(About this exercise): In the entries below, find the line with "Farmer holds a" and the line with "局党组2024年上半年落实全面从严治党总结及下半年工作计划.docx". Reproduce those two lines and every line between them exactly, and nothing more.

(Records supplied):
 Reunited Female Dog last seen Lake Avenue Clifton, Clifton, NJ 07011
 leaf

--

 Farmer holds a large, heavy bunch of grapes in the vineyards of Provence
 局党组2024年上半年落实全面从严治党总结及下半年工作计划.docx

(Task solution):
 Farmer holds a large, heavy bunch of grapes in the vineyards of Provence
 局党组2024年上半年落实全面从严治党总结及下半年工作计划.docx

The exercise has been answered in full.